START DATASET CONTENT

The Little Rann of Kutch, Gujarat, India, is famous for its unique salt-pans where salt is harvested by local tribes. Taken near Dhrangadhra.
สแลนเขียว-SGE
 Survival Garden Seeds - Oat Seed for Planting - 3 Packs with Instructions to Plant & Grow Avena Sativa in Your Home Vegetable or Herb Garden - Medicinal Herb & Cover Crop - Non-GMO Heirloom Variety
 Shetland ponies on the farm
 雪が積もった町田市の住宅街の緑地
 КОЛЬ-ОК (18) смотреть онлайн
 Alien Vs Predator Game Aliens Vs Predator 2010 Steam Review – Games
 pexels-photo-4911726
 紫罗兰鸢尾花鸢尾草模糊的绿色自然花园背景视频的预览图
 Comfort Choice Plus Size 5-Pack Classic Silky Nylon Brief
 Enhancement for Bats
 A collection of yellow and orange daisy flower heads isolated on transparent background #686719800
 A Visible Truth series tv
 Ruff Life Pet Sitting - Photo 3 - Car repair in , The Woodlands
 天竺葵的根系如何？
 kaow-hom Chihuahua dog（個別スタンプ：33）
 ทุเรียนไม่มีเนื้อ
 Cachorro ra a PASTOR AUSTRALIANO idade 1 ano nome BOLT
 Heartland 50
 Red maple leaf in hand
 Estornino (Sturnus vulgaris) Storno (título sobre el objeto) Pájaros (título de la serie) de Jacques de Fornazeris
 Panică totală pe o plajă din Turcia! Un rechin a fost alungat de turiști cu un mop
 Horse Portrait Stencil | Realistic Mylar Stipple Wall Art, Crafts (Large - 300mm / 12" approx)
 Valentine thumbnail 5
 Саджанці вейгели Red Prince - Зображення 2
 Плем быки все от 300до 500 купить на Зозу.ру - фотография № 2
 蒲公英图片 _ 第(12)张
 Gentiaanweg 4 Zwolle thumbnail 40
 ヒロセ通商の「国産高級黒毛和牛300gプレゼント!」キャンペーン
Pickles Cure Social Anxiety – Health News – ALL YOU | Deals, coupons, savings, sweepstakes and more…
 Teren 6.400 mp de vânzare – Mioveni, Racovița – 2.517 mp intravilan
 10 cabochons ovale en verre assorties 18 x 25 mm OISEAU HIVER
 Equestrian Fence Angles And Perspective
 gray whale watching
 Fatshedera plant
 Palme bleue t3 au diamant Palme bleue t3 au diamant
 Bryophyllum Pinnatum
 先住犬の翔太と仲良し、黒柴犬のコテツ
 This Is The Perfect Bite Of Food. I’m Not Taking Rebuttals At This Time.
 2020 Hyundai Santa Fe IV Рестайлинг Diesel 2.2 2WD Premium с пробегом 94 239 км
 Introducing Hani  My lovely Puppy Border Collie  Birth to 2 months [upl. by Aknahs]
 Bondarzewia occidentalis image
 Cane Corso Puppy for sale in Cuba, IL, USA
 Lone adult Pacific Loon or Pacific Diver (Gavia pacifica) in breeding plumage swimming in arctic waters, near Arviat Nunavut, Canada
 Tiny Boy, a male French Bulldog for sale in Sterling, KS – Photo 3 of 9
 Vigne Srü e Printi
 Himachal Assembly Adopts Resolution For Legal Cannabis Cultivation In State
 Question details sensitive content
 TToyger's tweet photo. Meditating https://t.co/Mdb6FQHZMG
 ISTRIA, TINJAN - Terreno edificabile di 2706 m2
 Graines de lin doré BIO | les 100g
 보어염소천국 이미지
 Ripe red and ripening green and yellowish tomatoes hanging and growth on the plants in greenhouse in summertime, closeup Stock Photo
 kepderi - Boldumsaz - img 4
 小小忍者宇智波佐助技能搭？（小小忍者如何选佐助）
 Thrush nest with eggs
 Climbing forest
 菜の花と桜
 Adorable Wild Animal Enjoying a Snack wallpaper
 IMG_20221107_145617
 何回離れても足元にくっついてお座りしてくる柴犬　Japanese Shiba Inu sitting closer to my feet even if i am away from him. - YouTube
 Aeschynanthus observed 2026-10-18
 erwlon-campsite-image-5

END DATASET CONTENT

* _WHAT THIS TASK INVOLVES_: Give back, unchanged, the run of lines in the listing above that begins at the line containing "雪が積もった町田市の住宅街の緑地" and ends at the line containing "ヒロセ通商の「国産高級黒毛和牛300gプレゼント!」キャンペーン", both included.

* _OUTPUT FOR THIS TASK_:
 雪が積もった町田市の住宅街の緑地
 КОЛЬ-ОК (18) смотреть онлайн
 Alien Vs Predator Game Aliens Vs Predator 2010 Steam Review – Games
 pexels-photo-4911726
 紫罗兰鸢尾花鸢尾草模糊的绿色自然花园背景视频的预览图
 Comfort Choice Plus Size 5-Pack Classic Silky Nylon Brief
 Enhancement for Bats
 A collection of yellow and orange daisy flower heads isolated on transparent background #686719800
 A Visible Truth series tv
 Ruff Life Pet Sitting - Photo 3 - Car repair in , The Woodlands
 天竺葵的根系如何？
 kaow-hom Chihuahua dog（個別スタンプ：33）
 ทุเรียนไม่มีเนื้อ
 Cachorro ra a PASTOR AUSTRALIANO idade 1 ano nome BOLT
 Heartland 50
 Red maple leaf in hand
 Estornino (Sturnus vulgaris) Storno (título sobre el objeto) Pájaros (título de la serie) de Jacques de Fornazeris
 Panică totală pe o plajă din Turcia! Un rechin a fost alungat de turiști cu un mop
 Horse Portrait Stencil | Realistic Mylar Stipple Wall Art, Crafts (Large - 300mm / 12" approx)
 Valentine thumbnail 5
 Саджанці вейгели Red Prince - Зображення 2
 Плем быки все от 300до 500 купить на Зозу.ру - фотография № 2
 蒲公英图片 _ 第(12)张
 Gentiaanweg 4 Zwolle thumbnail 40
 ヒロセ通商の「国産高級黒毛和牛300gプレゼント!」キャンペーン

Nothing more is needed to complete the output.